**** DATA RECORDS ****
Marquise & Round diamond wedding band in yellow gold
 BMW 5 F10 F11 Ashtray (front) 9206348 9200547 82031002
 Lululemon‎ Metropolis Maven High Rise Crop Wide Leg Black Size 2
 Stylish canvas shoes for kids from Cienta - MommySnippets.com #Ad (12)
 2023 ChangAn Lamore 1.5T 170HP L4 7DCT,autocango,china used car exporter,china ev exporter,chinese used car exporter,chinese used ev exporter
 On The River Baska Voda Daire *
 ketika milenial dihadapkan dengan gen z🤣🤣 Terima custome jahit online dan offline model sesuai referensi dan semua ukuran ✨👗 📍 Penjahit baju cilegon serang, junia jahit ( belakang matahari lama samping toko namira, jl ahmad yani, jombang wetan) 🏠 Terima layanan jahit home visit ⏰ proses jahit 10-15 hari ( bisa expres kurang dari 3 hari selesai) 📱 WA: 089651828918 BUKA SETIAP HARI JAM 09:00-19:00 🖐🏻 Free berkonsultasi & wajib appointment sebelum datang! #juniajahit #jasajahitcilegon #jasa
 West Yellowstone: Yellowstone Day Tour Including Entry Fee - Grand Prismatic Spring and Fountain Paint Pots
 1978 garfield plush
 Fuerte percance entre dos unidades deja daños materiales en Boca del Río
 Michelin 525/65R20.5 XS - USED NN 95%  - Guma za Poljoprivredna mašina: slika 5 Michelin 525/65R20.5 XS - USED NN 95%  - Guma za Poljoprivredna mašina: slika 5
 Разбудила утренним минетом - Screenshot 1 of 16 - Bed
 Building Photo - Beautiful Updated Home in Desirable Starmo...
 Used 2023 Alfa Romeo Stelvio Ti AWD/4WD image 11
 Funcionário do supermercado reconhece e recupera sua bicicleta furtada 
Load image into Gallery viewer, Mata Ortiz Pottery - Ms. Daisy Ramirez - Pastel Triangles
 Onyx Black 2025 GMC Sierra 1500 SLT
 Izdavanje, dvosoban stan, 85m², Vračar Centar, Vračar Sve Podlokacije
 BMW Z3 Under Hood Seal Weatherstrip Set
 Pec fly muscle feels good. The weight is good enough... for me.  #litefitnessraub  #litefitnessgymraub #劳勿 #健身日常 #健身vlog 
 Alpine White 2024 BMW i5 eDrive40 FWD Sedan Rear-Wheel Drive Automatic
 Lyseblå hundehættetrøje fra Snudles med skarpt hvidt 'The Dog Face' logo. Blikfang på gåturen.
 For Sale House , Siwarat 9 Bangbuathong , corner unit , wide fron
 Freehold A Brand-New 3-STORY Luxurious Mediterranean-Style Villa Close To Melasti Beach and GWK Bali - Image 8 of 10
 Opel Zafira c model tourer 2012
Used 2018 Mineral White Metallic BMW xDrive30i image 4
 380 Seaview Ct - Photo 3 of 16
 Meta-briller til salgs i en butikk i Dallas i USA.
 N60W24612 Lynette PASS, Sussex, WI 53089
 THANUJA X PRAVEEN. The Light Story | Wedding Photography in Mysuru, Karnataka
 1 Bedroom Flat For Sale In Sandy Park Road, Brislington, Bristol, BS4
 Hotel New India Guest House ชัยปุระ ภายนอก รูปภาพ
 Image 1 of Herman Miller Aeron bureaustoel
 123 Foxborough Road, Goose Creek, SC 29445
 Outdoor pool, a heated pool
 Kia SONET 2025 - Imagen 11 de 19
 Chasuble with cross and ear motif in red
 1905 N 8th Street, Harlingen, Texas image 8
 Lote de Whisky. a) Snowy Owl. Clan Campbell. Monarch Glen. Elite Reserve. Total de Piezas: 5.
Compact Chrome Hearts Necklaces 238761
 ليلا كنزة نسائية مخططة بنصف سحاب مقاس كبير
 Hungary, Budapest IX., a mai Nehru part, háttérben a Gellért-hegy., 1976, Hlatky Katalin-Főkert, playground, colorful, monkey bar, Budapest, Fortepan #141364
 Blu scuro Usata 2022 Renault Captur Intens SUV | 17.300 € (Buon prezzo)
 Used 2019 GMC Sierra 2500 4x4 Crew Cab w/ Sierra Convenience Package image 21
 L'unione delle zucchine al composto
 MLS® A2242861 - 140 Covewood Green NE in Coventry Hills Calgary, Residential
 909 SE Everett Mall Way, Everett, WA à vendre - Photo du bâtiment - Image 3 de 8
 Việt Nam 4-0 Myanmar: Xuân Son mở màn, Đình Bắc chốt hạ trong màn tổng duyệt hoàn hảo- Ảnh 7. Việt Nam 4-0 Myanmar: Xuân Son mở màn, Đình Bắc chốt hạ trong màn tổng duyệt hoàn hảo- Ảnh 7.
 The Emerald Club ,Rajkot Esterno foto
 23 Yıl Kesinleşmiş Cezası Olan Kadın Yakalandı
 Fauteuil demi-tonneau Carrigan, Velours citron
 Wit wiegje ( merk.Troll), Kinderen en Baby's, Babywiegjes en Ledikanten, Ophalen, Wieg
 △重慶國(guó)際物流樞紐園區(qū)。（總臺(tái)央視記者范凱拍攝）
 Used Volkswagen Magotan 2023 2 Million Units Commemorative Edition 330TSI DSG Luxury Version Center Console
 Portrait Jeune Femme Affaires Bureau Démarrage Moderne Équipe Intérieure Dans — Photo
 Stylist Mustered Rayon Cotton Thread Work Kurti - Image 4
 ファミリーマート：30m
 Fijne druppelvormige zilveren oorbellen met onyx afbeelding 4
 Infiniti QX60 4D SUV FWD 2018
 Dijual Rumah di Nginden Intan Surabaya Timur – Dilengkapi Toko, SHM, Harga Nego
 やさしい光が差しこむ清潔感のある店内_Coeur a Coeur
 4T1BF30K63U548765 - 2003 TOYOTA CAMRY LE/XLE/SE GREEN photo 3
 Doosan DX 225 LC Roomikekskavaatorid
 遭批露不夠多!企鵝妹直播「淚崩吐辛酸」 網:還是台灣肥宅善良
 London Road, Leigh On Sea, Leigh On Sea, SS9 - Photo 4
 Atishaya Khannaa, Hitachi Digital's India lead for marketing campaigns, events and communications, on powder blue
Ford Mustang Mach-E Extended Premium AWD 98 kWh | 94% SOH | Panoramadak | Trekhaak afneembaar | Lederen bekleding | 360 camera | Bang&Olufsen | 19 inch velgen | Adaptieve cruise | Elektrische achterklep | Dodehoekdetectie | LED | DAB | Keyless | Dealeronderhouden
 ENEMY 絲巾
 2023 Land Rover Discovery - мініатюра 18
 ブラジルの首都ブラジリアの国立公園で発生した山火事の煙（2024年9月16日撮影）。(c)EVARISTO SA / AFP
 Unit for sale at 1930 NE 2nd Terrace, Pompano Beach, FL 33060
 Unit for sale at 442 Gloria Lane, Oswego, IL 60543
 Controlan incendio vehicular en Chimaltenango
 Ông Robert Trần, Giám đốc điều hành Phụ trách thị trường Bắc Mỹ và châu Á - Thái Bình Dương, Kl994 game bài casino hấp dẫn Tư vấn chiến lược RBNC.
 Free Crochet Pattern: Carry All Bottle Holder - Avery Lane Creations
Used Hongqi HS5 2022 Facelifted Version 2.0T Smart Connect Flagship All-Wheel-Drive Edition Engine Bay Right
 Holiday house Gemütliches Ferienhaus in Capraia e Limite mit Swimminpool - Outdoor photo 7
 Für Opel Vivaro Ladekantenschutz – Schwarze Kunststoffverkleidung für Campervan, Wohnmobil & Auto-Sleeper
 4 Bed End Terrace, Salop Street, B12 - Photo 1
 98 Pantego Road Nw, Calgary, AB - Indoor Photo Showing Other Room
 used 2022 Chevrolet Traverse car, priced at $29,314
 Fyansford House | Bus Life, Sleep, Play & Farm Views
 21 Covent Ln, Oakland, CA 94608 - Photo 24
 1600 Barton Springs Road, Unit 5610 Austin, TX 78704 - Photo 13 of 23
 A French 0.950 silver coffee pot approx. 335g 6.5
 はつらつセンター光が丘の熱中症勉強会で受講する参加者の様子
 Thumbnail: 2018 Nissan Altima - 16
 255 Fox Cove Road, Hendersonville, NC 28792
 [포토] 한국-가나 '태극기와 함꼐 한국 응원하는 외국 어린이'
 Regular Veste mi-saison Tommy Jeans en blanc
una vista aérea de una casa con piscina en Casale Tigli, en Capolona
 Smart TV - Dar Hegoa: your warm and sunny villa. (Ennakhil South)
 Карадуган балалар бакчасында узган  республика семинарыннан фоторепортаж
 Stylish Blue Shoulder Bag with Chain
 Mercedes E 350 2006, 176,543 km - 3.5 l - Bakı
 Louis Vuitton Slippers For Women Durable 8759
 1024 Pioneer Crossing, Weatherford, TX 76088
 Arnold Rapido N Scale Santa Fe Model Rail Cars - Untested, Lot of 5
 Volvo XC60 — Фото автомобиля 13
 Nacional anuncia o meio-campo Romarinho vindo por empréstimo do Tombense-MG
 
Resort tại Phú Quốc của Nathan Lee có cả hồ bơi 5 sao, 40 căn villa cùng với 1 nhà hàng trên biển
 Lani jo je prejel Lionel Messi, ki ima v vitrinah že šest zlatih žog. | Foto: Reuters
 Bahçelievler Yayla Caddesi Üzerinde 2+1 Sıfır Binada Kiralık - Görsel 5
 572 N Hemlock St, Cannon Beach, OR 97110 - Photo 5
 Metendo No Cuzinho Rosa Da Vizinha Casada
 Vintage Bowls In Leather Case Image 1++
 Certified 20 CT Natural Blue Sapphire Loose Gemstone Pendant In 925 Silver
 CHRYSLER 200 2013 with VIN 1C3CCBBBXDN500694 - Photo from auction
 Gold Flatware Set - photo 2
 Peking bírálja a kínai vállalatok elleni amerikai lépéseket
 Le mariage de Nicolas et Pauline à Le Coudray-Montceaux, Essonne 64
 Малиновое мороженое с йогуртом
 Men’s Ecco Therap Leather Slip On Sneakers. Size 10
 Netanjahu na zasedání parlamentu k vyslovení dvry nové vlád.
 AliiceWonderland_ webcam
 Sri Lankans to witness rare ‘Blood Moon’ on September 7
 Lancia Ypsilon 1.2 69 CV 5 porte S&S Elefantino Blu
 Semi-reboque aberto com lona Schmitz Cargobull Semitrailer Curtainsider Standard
****
TRY IT:
Lines from the top of the data above through the line with "On The River Baska Voda Daire *", both ends included: copy them exactly, nothing more.

ANSWER SPACE:
Marquise & Round diamond wedding band in yellow gold
 BMW 5 F10 F11 Ashtray (front) 9206348 9200547 82031002
 Lululemon‎ Metropolis Maven High Rise Crop Wide Leg Black Size 2
 Stylish canvas shoes for kids from Cienta - MommySnippets.com #Ad (12)
 2023 ChangAn Lamore 1.5T 170HP L4 7DCT,autocango,china used car exporter,china ev exporter,chinese used car exporter,chinese used ev exporter
 On The River Baska Voda Daire *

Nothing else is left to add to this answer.